## DESCRIPTION OF THE TASK
Your copy should hold only the lines from the one holding "Snapshot of sweet_gal01" through the last line of the records below, both included, each exact and with no pictures.

## Scraped caption text data
──────

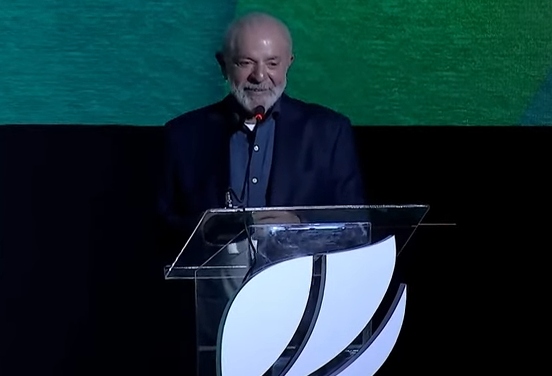 Lula projeta crescimento de 4% em 2024 e ironiza críticas do mercado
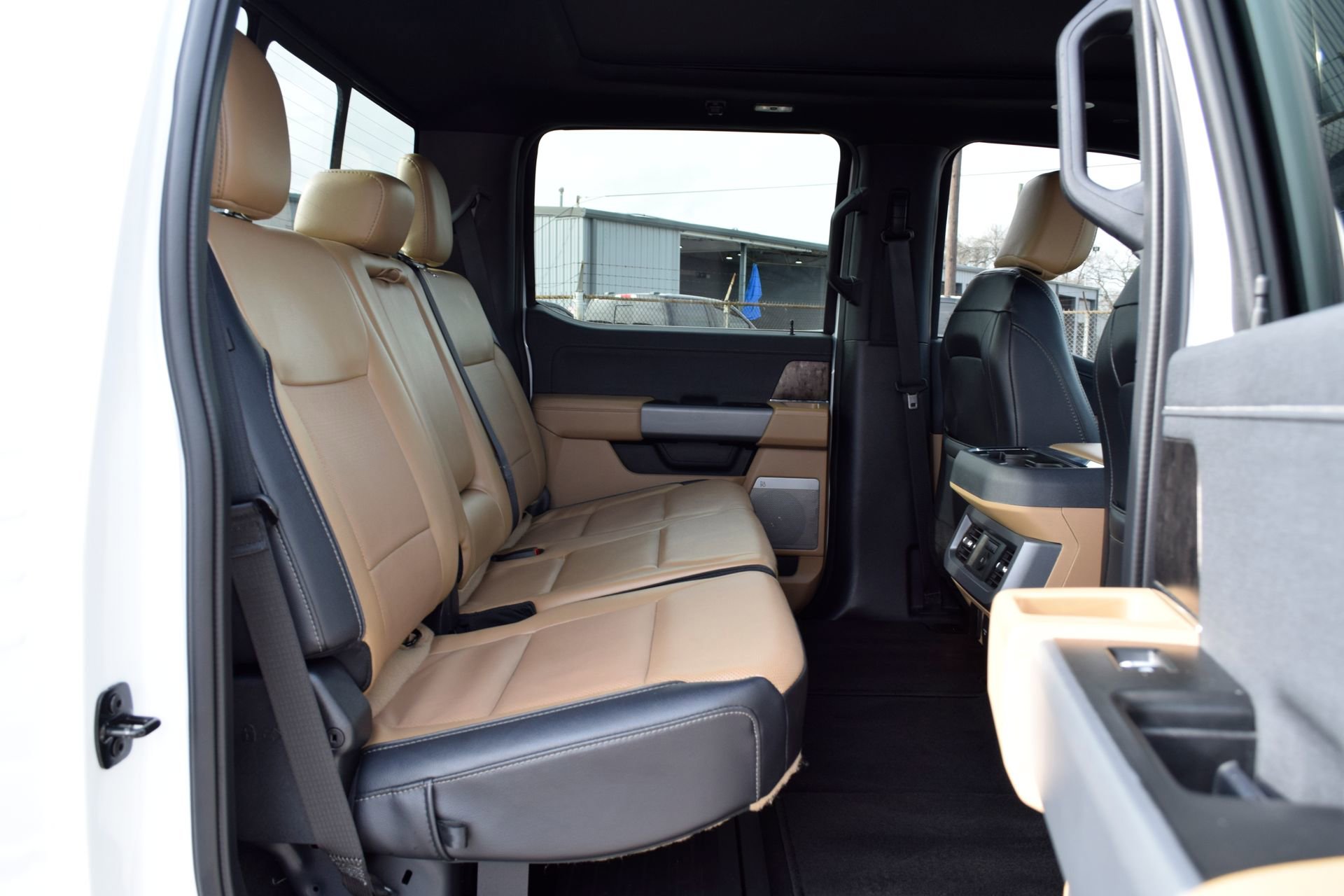 Used 2024 Ford F350 Lariat w/ Lariat Ultimate Package image 22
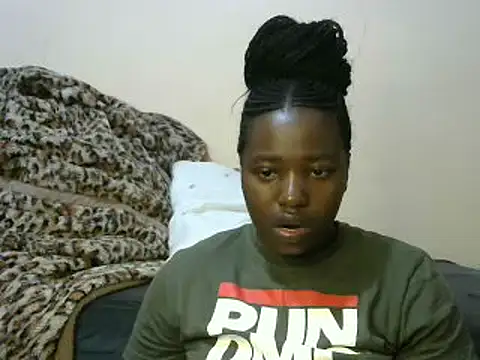 Snapshot of sweet_gal01 chatting on 02-14-25, 01:23 sweet gal01 online show from 02-14-25, 01:23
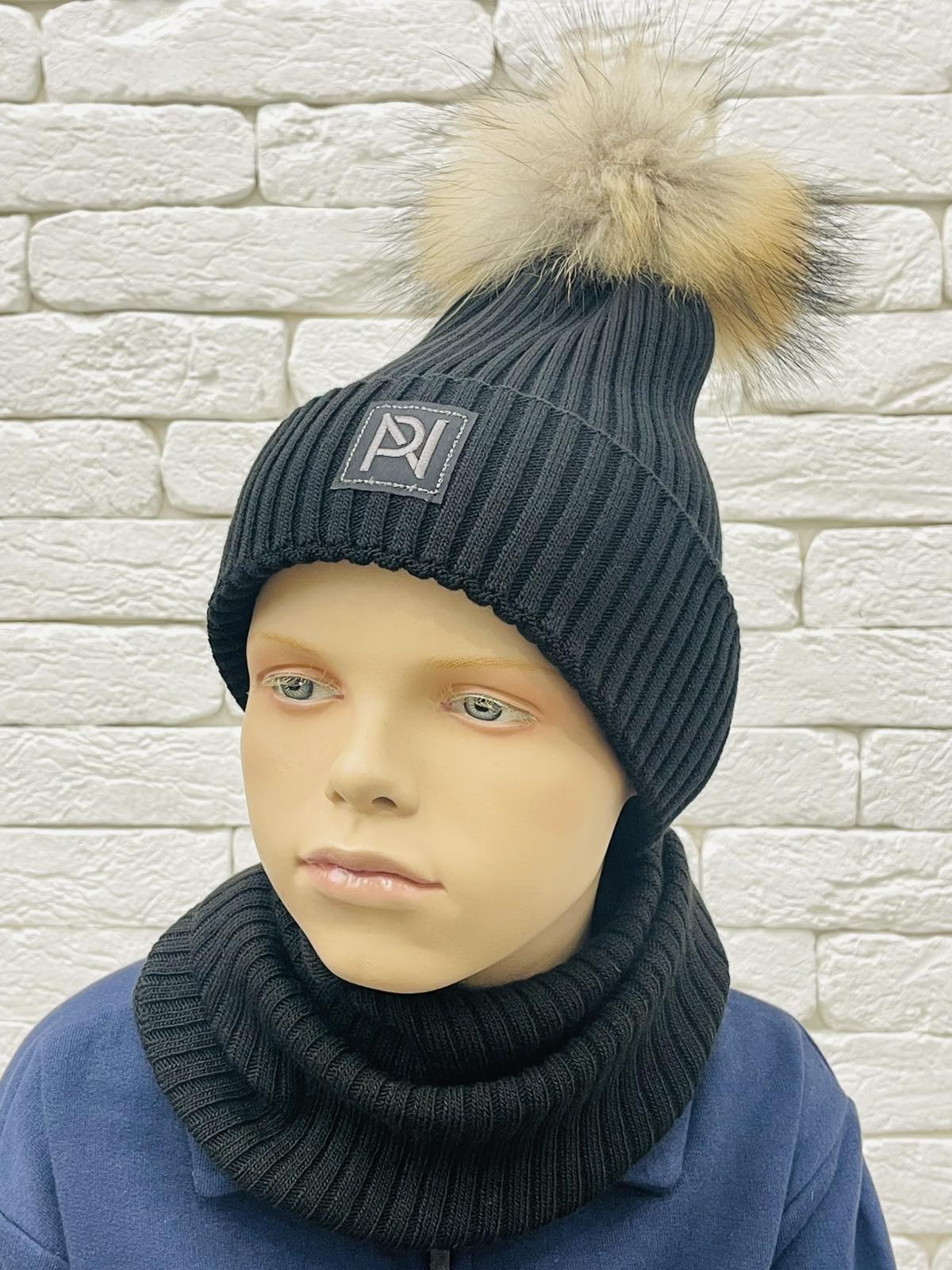 Комплект: шапка+хомут чорний для хлопчика 25WP156K-3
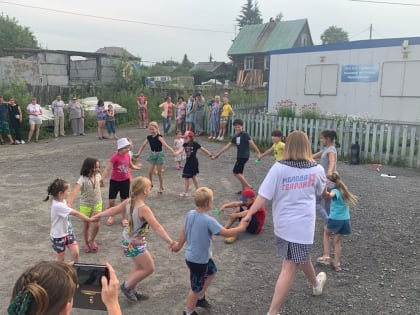 Активисты Первоуральска провели городской праздник для детей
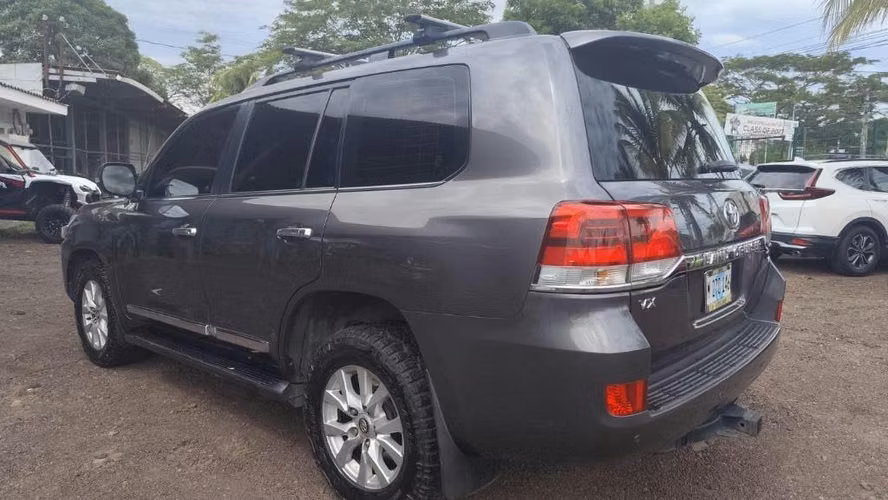 Land Cruiser Vx año 2017 - Imagen 3
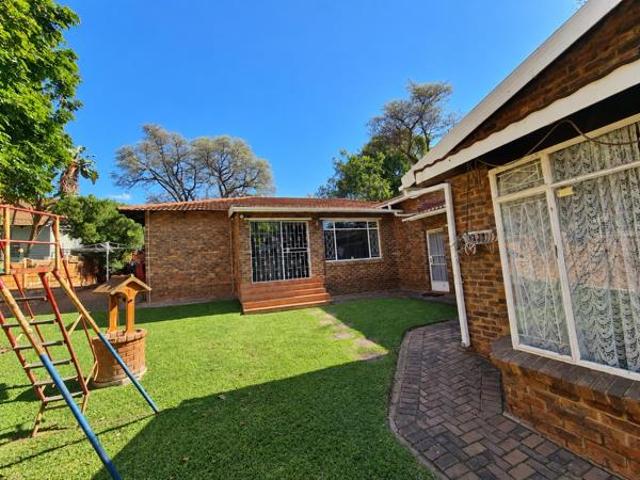 House for sale in Rustenburg Local Municipality, Bojanala Platinum District Municipality
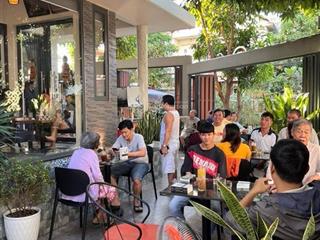 Amặt tiền lô góc  ngang 10m  biệt thự sân vườn  phù hợp vừa vừa kinh doanh  169m2 (10x17)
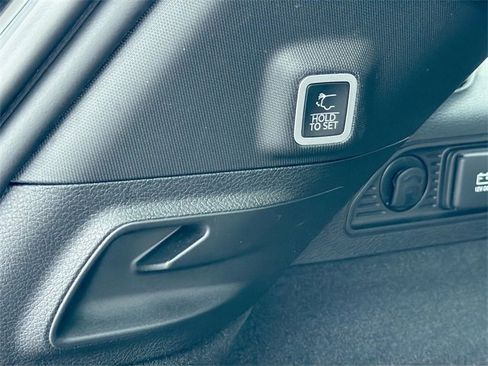 Used 2023 Jeep Grand Cherokee Trailhawk image 38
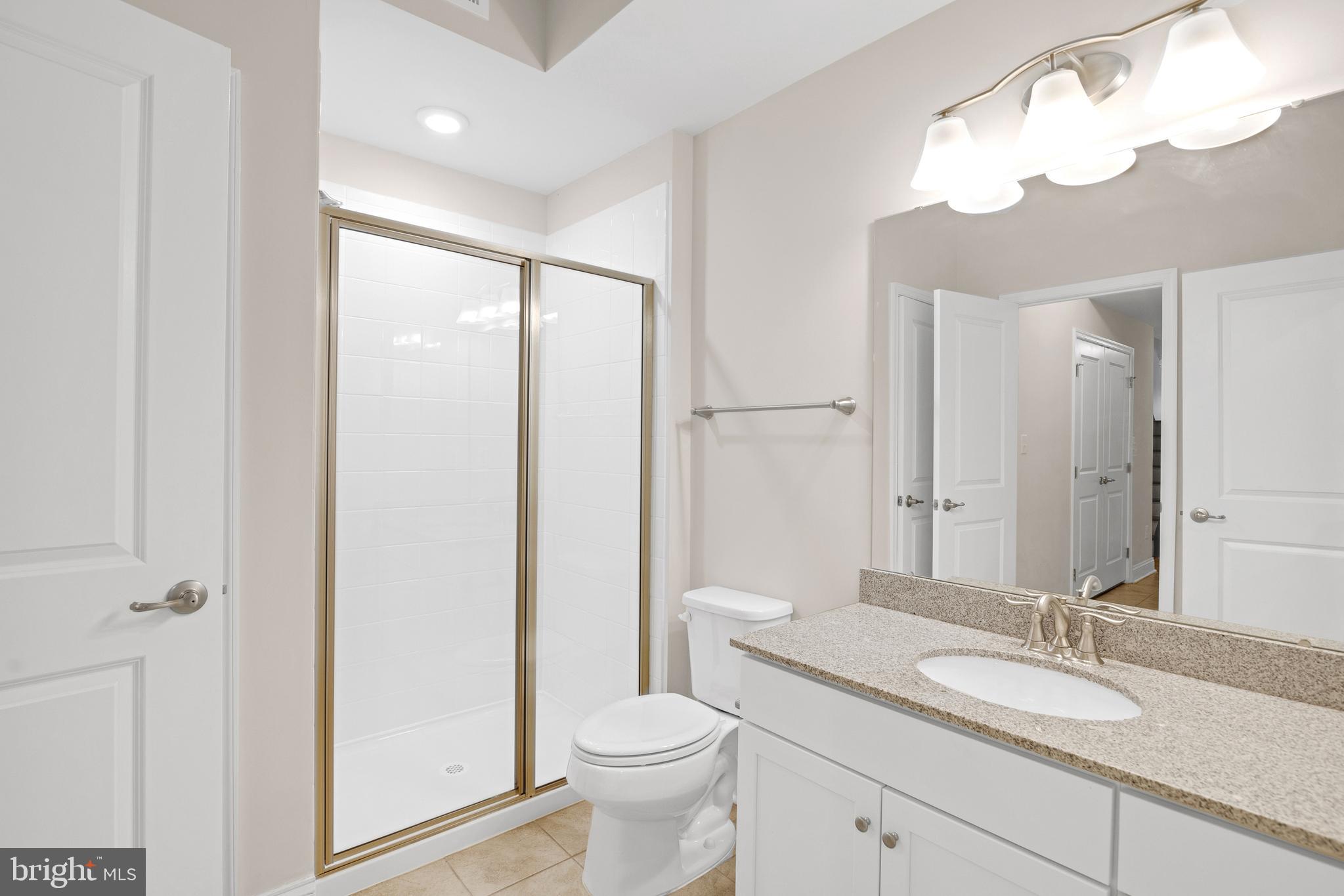 BRADLEY SQUARE - Residential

──────

## ANSWER
 Snapshot of sweet_gal01 chatting on 02-14-25, 01:23 sweet gal01 online show from 02-14-25, 01:23
 Комплект: шапка+хомут чорний для хлопчика 25WP156K-3
 Активисты Первоуральска провели городской праздник для детей
 Land Cruiser Vx año 2017 - Imagen 3
 House for sale in Rustenburg Local Municipality, Bojanala Platinum District Municipality
 Amặt tiền lô góc  ngang 10m  biệt thự sân vườn  phù hợp vừa vừa kinh doanh  169m2 (10x17)
 Used 2023 Jeep Grand Cherokee Trailhawk image 38
 BRADLEY SQUARE - Residential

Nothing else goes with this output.